## [What you need to do]
Reproduce the listing exactly. Omit pictures.

## [Data]
# # #
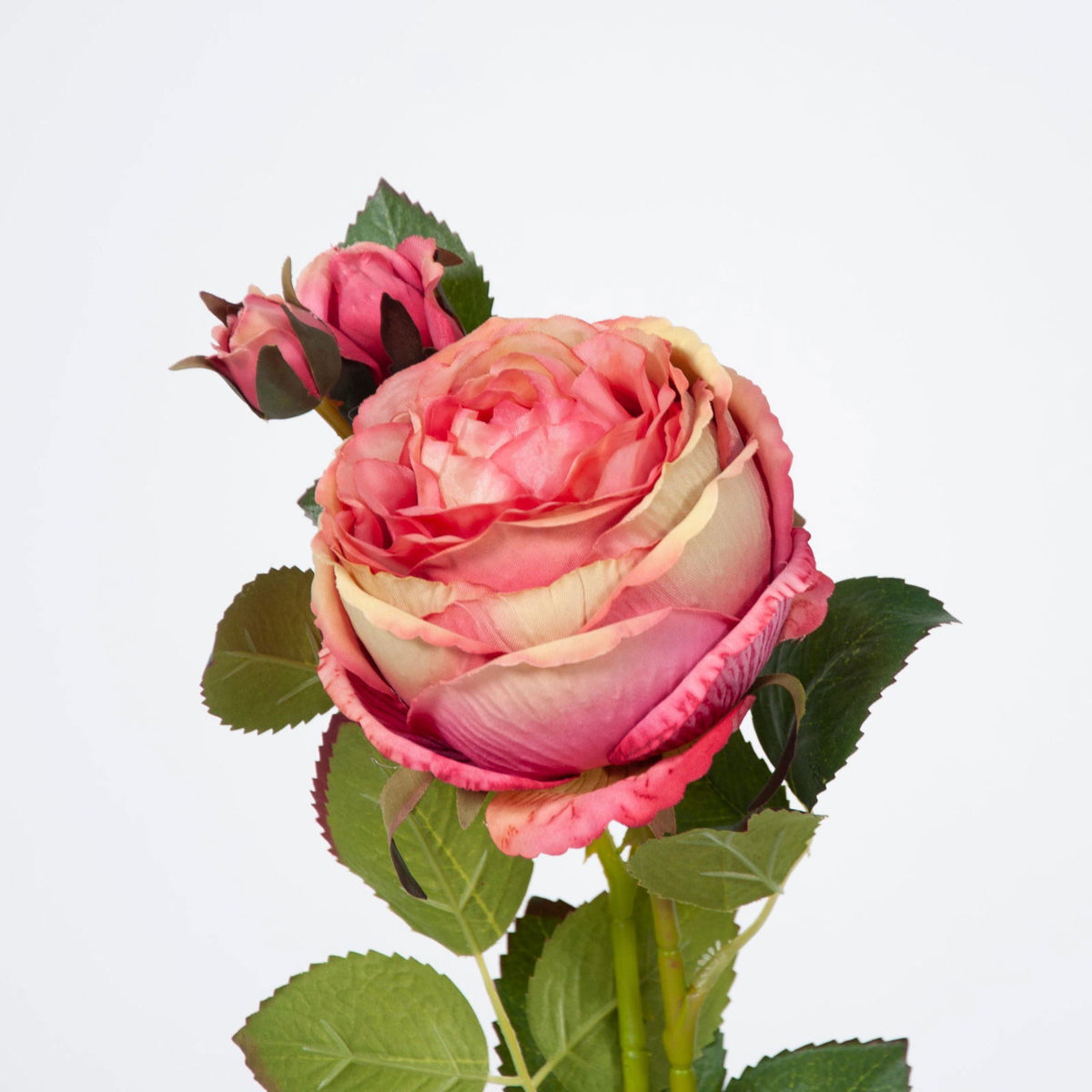 Artificial Louis XIV Rose BUBULAND HOME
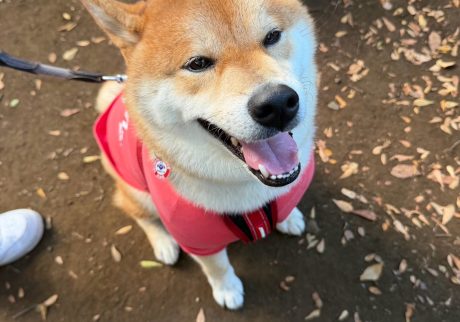 とーちゃん、何とかやってます。というか、かなり頑張っています。柴犬子犬ハルのワンダフルライフ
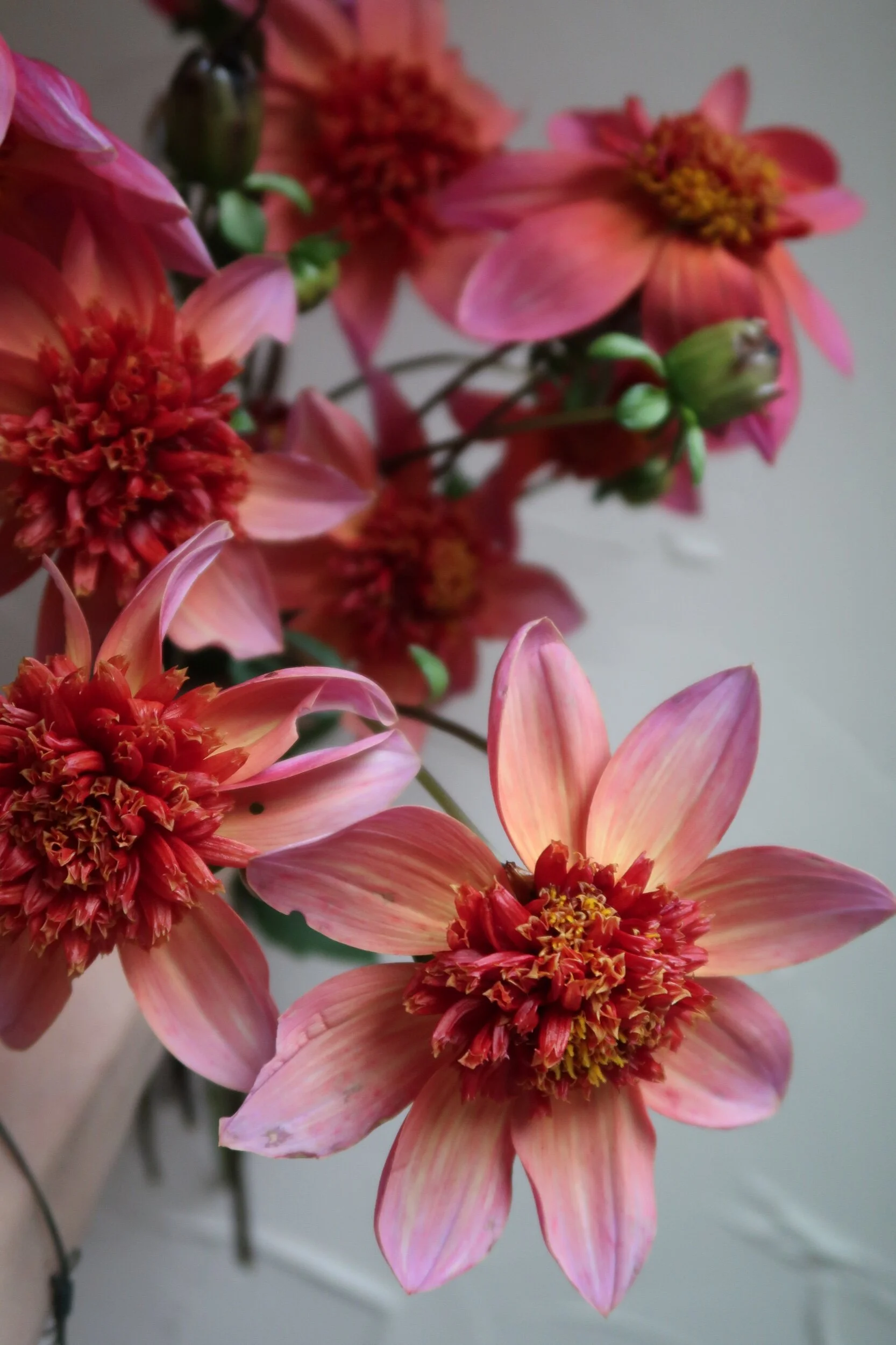 46B3478F-A6B9-4E58-82D9-6659FE1F551B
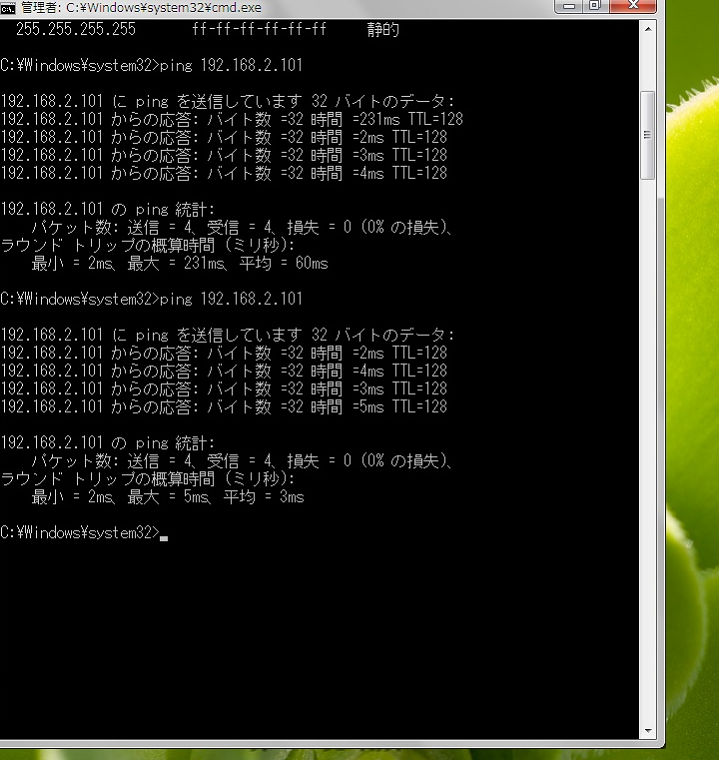 pingコマンドにてIP接続確認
# # #
## [Exercise response]
 Artificial Louis XIV Rose BUBULAND HOME
 とーちゃん、何とかやってます。というか、かなり頑張っています。柴犬子犬ハルのワンダフルライフ
 46B3478F-A6B9-4E58-82D9-6659FE1F551B
 pingコマンドにてIP接続確認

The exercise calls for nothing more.